Je n'ai vu aucun film de Lee Chang-Dong, mais celui-ci me donne terriblement envie de découvrir ce cinéaste. Nous étions trois, l'un a mis 7, l'autre 9 et pour ne rien vous cacher, je comptais mettre 7 en sortant de la salle. Mais ce film me hante, littéralement. Et, fait rare, ce qui me hante n'est ni une musique, ni une mise en scène, ni une scène en particulier. Ce qui me hante, ce sont ces deux personnages que tout oppose et que tout relie. C'est cette gueule d'ange, parfait, riche et ennuyé, ce héros de Lolita Pille avec du talent (c'est lourd, le running sur Lolita Pille), Steven Yeun, et cet homme rural, taiseux, qui semble un peu benêt et retenir beaucoup de choses, Yoo Ah-In. Tout les oppose, il semblerait. En réalité, non. Ils sont intimement liés.

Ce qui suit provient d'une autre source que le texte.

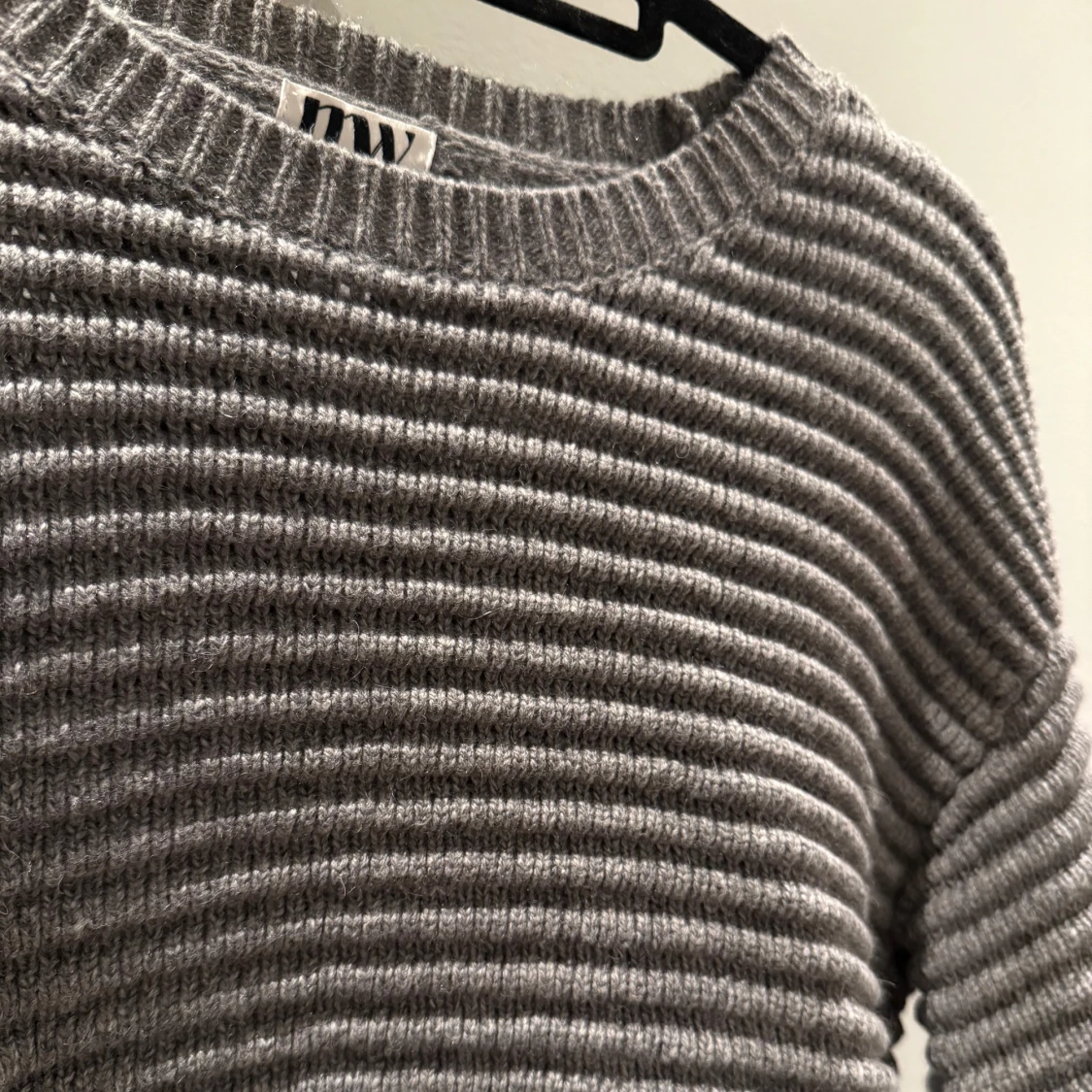 Grå ribbstickad tröja - 2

Le feu les rassemble. Ce feu qui brûle en lui, ce feu qu'il aimerait faire jallir, ce feu comme la parole qui le ravage de l'intérieur et qui le fait imploser. Ce feu latent, que l'on partage à ses côtés, alors qu'il dine avec des amis qui n'ont rien en commun avec lui. Et l'autre, détenteur du feu des dieux, du feu de la mort, le feu funeste qui fait disparaître, qui détruit, ce feu de la folie, ce feu qui le fait exploser, pour braver l'ennui, mais surtout pour braver la vie. Il noie son désintérêt dans l'essence même de l'intérêt : la vie. Celle des femmes, plus particulièrement. Il est le penchant inverse de la personnalité timide et candide de l'autre. La fascination est réciproque. Et dans ces plans superbes où le héros mutique poursuit son meurtrier dans les dédales de son esprit, il est poursuivi par sa haine, par son paraître cloîtré, par ce feu qui carbonise peu à peu son futur. Des sons retentissent, des sons qui semblent être des mélodies, qui se répètent, inlassablement, comme pour marquer le tambourinement de son coeur qui claque contre sa poitrine. Il est Gatsby, magnifique et intouchable. Lui, est écrivain.

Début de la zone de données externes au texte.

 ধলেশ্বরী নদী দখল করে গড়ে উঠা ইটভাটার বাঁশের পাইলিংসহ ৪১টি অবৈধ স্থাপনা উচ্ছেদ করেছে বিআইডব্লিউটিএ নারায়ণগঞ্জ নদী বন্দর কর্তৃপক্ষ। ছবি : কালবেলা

Le fait qu'il soit écrivain conforte dans une théorie que l'on peut se forger quelques temps après le visionnage. Et si ce Gatsby, c'était finalement son héros ? Si, petit à petit, pour justifier une atrocité commise et son manque d'assurance, il avait crée son double maléfique, ou son double parfait, et que l'on voyait à l'écran la vie de son personnage principal comme une entité opposée grâce à laquelle il s'échappe et fuit sa vie ? Et si tout cela n'était que le fantasme de sa frustration, et la disparition de la jeune femme, un moyen de la garder pour toujours à ses côtés ? Cette idée est renforcée par le fait qu'il est souvent vu uniquement par son double, alors qu'il est potentiellement le seul qui n'aurait aucune raison de passer du temps à le décrypter. Aucune, si ce n'est le challenge, un challenge romanesque, pervers, voire totalement inventé ?
Un grand film, servi par des acteurs superbes et authentiques ; ils sonnent juste à chaque fois, à tous les coups. Un tour de force mémorable, chargé de symboles historiques et d'allégories à peine voilées. Ce morcellement des deux Corées, toutes deux jointes comme deux soeurs jumelles, reliées par un haut parleur émanant de la propagande nord-coréenne, sonnent le glas d'une bipolarité qui ne peut survivre avec l'autre, comme pour rappeler que deux êtres distincts peuvent se ressembler, s'unir, se désunir et s'entretuer. Un film d'une simplicité spectaculaire.